In [50]:
#enables chart rendering
%matplotlib inline

# First 10 Minutes 

Welcome to your first 10 minutes with Pyrugga. In this tutorial you will learn how to convert a Superscout XML into a Match object analyse a game of Rugby. 

The first step is to import Pyrugga library. This is as simple us typing 

In [51]:
import pyrugga as pgr

Pyrugga requires a Super Scout file containing a play by play descriptions of a match. They are stored in an XML format which is not great for statistical analysis, but useful for other things.
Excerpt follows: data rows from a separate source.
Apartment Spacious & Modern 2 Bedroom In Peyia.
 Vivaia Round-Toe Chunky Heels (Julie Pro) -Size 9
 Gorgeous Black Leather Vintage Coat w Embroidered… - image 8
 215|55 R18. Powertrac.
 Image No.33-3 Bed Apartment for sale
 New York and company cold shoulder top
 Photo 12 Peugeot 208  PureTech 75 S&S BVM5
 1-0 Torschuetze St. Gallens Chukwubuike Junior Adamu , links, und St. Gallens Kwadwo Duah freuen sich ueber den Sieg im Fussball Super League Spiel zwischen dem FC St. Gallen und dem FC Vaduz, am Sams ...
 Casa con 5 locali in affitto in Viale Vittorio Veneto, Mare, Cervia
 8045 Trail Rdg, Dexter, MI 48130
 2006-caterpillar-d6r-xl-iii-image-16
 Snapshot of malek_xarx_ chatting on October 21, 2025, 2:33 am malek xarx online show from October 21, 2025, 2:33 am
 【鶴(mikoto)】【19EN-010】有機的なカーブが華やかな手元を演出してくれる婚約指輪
We need to convert the XML format  into something a little more friendly, a Pandas Dataframes. 

In [52]:
df = pgr.Match('game_1.xml')

A Match object contains a number of functions and Dataframes to help us analyse a match 

**Dataframes**

* Summary -- Summary of the match 
* Events -- Description of each action 
* Timeline -- A timeline of the match with periods ending when either possession of the ball changes or there was a stopage in play 

**Functions**

* getRef -- Will return the name of the referee
* Draw -- Will return if the match was drawn ?
* HomeWin -- Will return if home team won ?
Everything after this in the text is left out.